Boo to Breast Cancer

Wednesday, February 9, 2011

There's Nothing Like the Right Bra, Baby

It should be a song. Because just as all men are not alike, and all boobs are not alike, some bras just make you look and feel better than others.

It's not only small vs. large-breasted women, though; it's women who have been through the cancer mill and come out with one or more boobs that don't look the way they did...and yes, the way they should, in some boob-utopia of the mind. I've been twisting and turning in that mill-of-the-mind for weeks now, waiting and hoping that the poor beaten-up boob will return to "normal" or some semblance of it, and slowly realizing -- not. It's not what it used to be, and probably never will be, and I'd better get used to it, and I'd better be grateful for however long I get to hang on to it (so to speak) at all, and do what I can.

As soon as I returned to work, I went back to wearing my bras. But it was a disaster unless I wore the loosest, maternity-like sweater and crossed my arms a lot. This made me so sad I obsessed about it during a few sleepless nights. Would I have to ditch my entire wardrobe,really? And no more cleavage, ever again?
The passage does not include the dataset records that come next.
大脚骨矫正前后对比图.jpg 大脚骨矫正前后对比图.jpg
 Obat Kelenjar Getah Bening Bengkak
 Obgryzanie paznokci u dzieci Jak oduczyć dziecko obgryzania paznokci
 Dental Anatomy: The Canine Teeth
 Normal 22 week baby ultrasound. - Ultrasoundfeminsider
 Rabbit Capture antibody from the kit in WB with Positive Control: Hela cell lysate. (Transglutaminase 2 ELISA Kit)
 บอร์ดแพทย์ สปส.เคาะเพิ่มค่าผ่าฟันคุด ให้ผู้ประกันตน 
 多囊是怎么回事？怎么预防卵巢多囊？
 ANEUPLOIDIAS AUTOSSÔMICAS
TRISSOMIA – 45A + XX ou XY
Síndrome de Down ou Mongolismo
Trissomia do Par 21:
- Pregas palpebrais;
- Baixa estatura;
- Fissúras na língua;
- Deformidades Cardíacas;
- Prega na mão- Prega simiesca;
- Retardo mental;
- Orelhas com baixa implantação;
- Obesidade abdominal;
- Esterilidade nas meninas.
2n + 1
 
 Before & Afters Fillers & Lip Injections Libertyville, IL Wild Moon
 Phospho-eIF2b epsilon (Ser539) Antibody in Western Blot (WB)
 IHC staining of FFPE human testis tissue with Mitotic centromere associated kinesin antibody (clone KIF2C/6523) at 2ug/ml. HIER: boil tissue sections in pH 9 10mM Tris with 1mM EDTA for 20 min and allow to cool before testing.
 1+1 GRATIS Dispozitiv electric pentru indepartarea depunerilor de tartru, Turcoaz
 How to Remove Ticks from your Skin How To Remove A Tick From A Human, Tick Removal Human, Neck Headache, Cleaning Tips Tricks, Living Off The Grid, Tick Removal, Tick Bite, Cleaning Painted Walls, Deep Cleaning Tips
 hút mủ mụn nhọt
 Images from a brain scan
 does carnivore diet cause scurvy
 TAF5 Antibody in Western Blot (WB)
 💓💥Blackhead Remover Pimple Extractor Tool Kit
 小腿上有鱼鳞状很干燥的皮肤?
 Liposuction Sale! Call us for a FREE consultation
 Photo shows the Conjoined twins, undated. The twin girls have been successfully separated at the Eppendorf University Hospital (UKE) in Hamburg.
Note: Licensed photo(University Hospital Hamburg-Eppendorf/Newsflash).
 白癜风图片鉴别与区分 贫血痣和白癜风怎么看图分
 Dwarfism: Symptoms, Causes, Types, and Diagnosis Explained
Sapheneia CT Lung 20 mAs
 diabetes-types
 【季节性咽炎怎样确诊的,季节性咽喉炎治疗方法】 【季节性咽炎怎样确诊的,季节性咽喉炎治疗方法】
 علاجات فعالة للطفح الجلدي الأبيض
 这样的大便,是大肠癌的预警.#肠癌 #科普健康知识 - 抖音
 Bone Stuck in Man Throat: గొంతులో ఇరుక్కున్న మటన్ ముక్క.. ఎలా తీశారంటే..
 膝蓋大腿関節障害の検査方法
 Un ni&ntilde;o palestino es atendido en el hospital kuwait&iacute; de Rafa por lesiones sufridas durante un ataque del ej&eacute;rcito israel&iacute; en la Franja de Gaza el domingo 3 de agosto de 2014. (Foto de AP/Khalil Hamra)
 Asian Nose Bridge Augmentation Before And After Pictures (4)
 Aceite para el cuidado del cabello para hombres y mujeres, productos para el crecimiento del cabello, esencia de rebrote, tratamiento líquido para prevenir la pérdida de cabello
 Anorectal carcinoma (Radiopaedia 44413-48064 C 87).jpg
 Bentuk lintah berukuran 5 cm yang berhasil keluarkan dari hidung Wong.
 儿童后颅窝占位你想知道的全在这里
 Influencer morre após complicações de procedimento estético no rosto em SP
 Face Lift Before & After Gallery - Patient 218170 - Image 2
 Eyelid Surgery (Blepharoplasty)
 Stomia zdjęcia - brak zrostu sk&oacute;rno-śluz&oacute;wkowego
Then one day I idly found a chat room on breastcancer.org and cyber-spoke to the ladies who happened to be on at the same time. I don't much like real-time chat, but they were great, a true example of people who help each other for the sheer comfort and pleasure of doing so. My thought at the time was that I would buy inserts (like falsies) to put on one side, and didn't know where to get them. The Ladies Online immediately gave me a link, and I bought some. But when they came, they didn't look the way I hoped, and they didn't help with the discomfort I felt when I wore my usual underwire bras. I think it was my daughter A. who advised me to go to a bra fitting store and get a special bra instead.

I was reluctant but willing to try, dreading the process and the results. No one had seen the breast naked except for medical personnel, and I didn't look forward to awkwardness and suppressed embarrassment. So I rehearsed what I'd say when I went into the Town Shop: "I'd like someone to help with fitting a bra, but I have a special situation. I had breast surgery recently." Oddly, I never got to the second sentence, because at the sound of "special situation," a young woman was called from where she was lurking at the back. I told her the deal and she just said sweetly, "OK, let's see." I took off the bulky sweater and bra, and then I knew she'd seen it and probably a lot worse many times before. "Wait here," she said cheerfully, and then came back with just the right bra. It wasn't a mastectomy bra or a modified regular bra, just an actual bra that doesn't have underwire to cut into my incision..instead it has double stitching and support and is shaped in such a way that when it's on, it's really not possible to tell that anything is different -- unless you're staring directly at my boobs, in which case why are you?

I could have kissed her. She was so unimpressed with my freakishness that I felt less freakish. And when I left the store she had also provided me with a lighter and looser version for sleeping (at least till I heal). Plus they weren't very expensive, as I'd expected. And since then I've worn just about any damn thing I feel like. So there. Thank you, Imperturbable Young Lady from the Town Shop, and thanks to the wonder we call The Bra.

Tomorrow is my important first visit with my old oncologist, Dr. L.